Despite the touch of paranoia in his answer, Andreessen has thought deeply about finance. Stock markets are now too risk-averse and snarled by regulation, he says, which means public investors “won’t get the returns”. Besides, tech groups have access to multimillions of private capital to fund growth, so have less need for public markets. Any gains, therefore, accrue to a narrow group of wealthy private investors, such as Andreessen, rather than pension funds.

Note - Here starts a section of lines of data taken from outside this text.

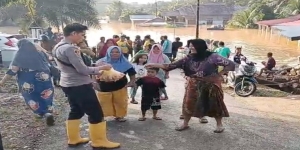 Polri Bersama Stakeholder Tangani Banjir di Merangin dan Sarolangun, Warga Diimbau Tetap Waspada
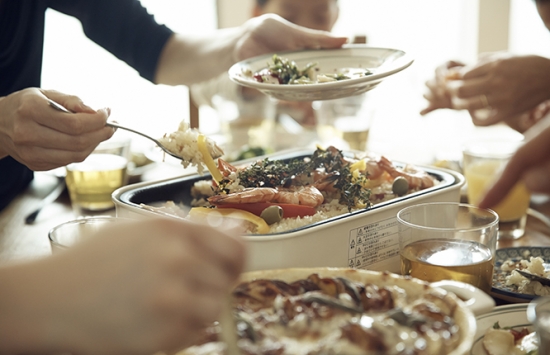 攝圖網_502019775_聚會聚餐美食特寫（企業商用）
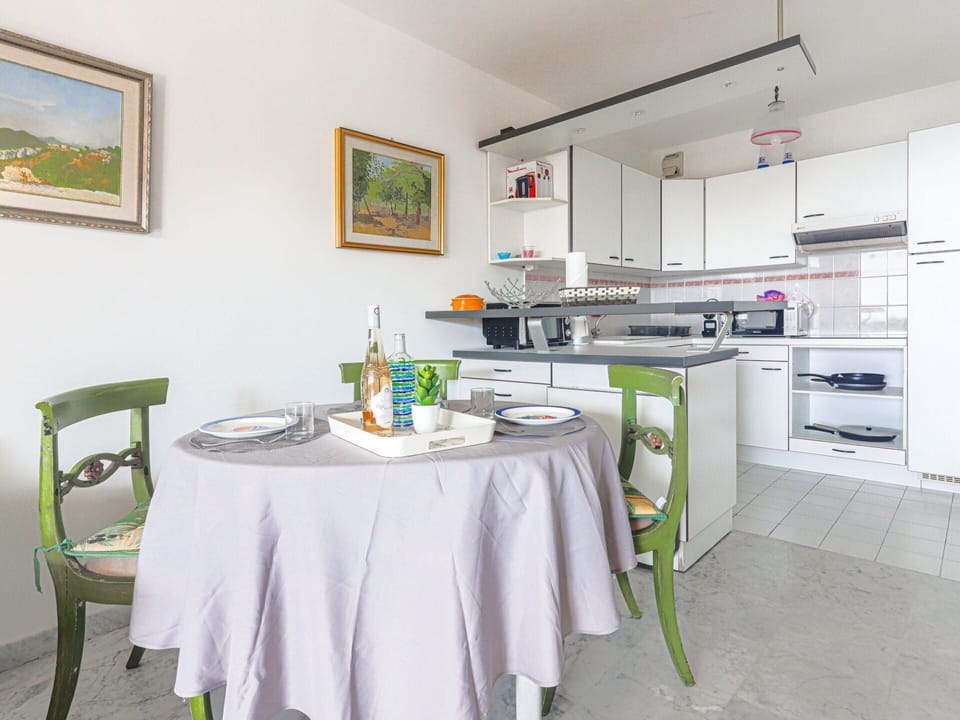 Table, Picture Frame, Property, Furniture, Building, Interior Design, Cabinetry, Tableware, Kitchen Appliance, Floor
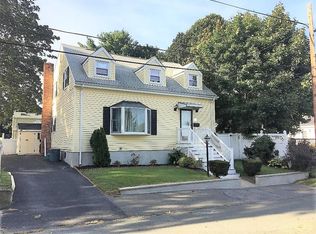 29 Arnold Ave, Peabody, MA 01960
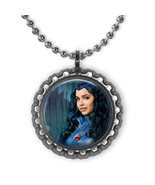 Disney DESCENDANTS EVIE 3D Bottle Cap Necklace | Gift for Kids - £3.89 GBP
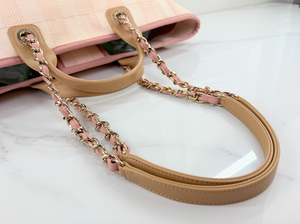 CHANEL STRIPED FIBER LARGE DEAUVILLE TOTE PINK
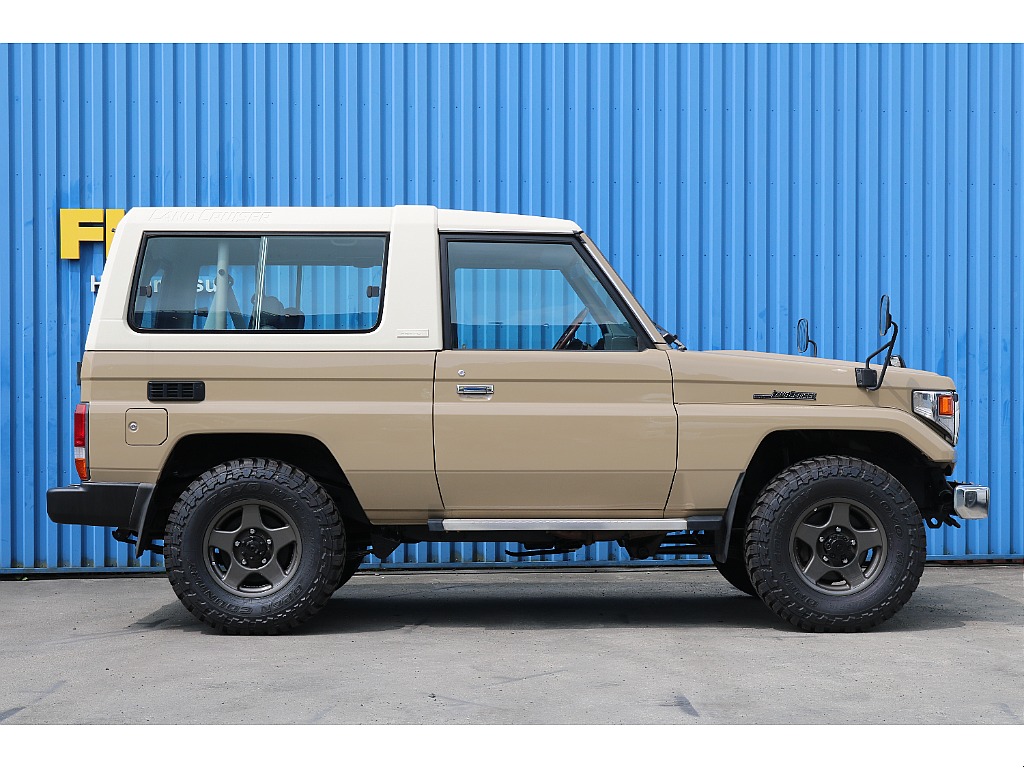 トヨタ ランドクルーザー70(6枚目)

“Microsoft went public in 1986, valued at $300 million. It went to $300 billion. Public shareholders got a thousand-time rise. When Google went public in 2004, it had about a $30 billion valuation and went to about $300 billion. Investors got about a 10-time rise. Facebook went public at about $100 billion. It’s now $200 billion, so public investors have had a two-time rise.”

I suggest he seems content living with risky investments. He agrees. “But I’m weird. I’m different. I’m unusual. Most people want to live in a world where there’s no risk. Most people want to invest their money and not have it fall.”

I spot Andreessen checking his giant watch. He has 10 minutes – enough for Bitcoin. He says he is confident the cryptocurrency could “do for financial services what the internet did for content services, ecommerce”. London has the chance to develop a special economic zone to aid Bitcoin. If not, “it’ll happen in Israel, Lebanon, India, Japan.”

He says little keeps him awake at night, despite his restless energy. “I sleep six to eight hours. I catch up on the weekends. I’m a big napper, so I get a lot mid-afternoon. I go out for the count. I’m generally pretty happy. I’m extremely optimistic about the progress of technology.”